Hacker News new | ask | show | jobs
by yid 3941 days ago
> It requires zero maintenance and runs on your own infrastructure.

I don't understand how these two claims are not contradictory.

> All conflict resolution happens locally in each peer using a deterministic algorithm.

How exactly does this happen? Via CRDTs? Consensus? How do you handle conflicts?

I'm very skeptical about this sort of largely content-free copy fronting what should be a pretty complicated distributed system.

2 comments

Good point, haven't heard that one before. Let me clarify. GUN requires no additional maintenance because it gets embedded into your app, compared to most databases which require you to run (and maintain) a database server.

If you do not want to even run your own app servers, I'm more then happy to let you use my free GUN backend so that way you do not even have to worry about that.

Consensus? Absolutely not. I definitely need to add more documentation and resources on this - in fact I'm doing a talk on how my conflict resolution algorithm works out in Berlin in a few weeks. Check the conference out at: https://2015.distributed-matters.org/ber/ . After that I should have much better materials on this available for people.

Briefly and naively, the way it works is a Vector Clock + Timestamp combo. Timestamps have bad exploits, and Vector Clocks don't work well in ephemeral environments. If you combine the two together they compensate for the vulnerabilities of the other. Every peer acts as a state machine operating inside of an open-closed boundary function (nothing fancy here, this is the same stuff you learned in middle/highschool). This does NOT give you Global Consistency, as different peers might have slightly different boundaries because of clock drift (you can use a separate service to minimize this), but they will all become Eventually Consistent.

This helpful? Any other questions?

> If you combine the two together they compensate for the vulnerabilities of the other.

Do you have a reference for this? I don't mean to keep sounding like a skeptic, but these are pretty big claims. I'm also genuinely curious about this claim and would really like to look into it further.

No worries, getting database stuff correct is important and you have a right to know how things work before building anything on top of it. You don't want to build a house on a cracked foundation, I'm the same way and I'm trying my best to engineer these things properly.

Here is a link explaining the algorithm https://github.com/amark/gun/issues/87#issuecomment-13636276... pretty briefly, it is also in a terrible location that nobody would know to look for (I need to move it out into the wiki or something).

And to answer your question directly, here is how they compensate each other:

1. Timestamps' vulnerability is to accidental or malicious clock drift. I can change my machine's local clock to be 2 years in the future. If you use timestamps to decide who "wins" in a conflict, my edits will win for the next 2 years.

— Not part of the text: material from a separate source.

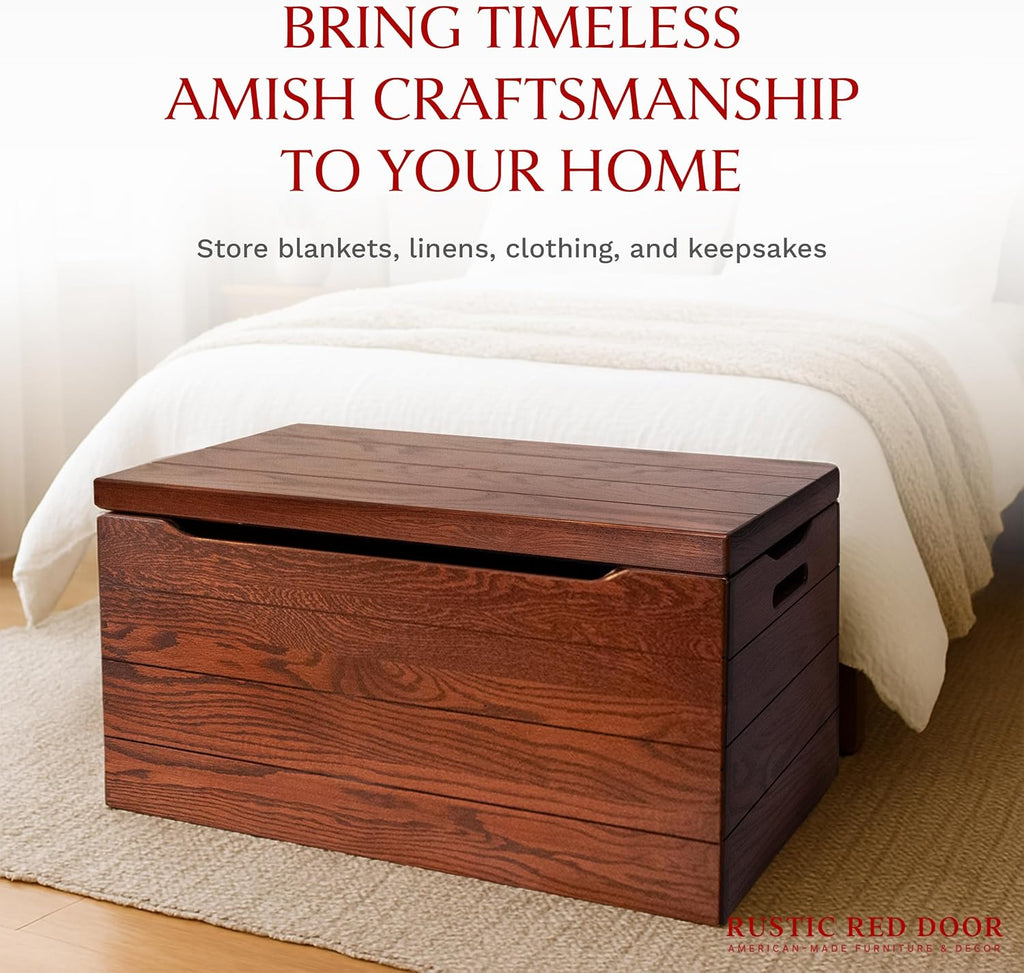 Amish Made Wooden Storage Chest Trunk Box with Lid and Handles , Blanket, Clothes, Anti-Slam Hinges, Handmade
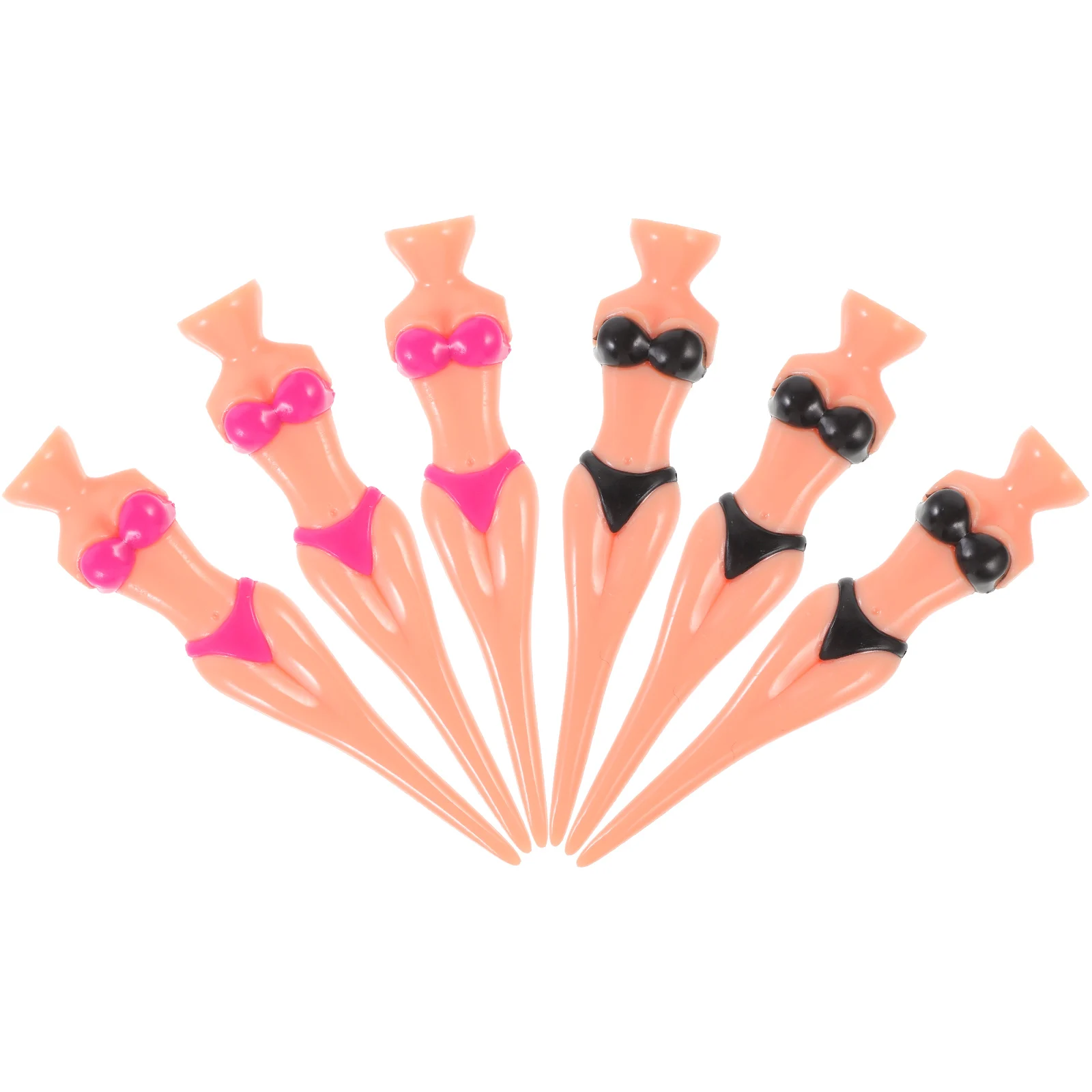 

6pcs Golf Tees Shape Durable Plastic Ball Holders for Training Practice Courses Golf Accessories Short Tees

That sucks and is evil.

2. Vector clocks were invented to get around some of these problems. You increment a vector on every local change such that it is higher than the highest known vector. So Alice updates a value to "Hello World" at state 1, then to "Hello Mars" at state 2, if she then receives an update from Bob of "Hello Jupiter" at state 5, Alice then has to jump all the way up to and past Bob to change the value - say "Hello Pluto" at state 6. This gets around the timestamp vulnerability, because even if Bob were to say the update is at state 999998 all Alice has to do is increment it again to 999999, she doesn't have to wait 2 years or corrupt her clock.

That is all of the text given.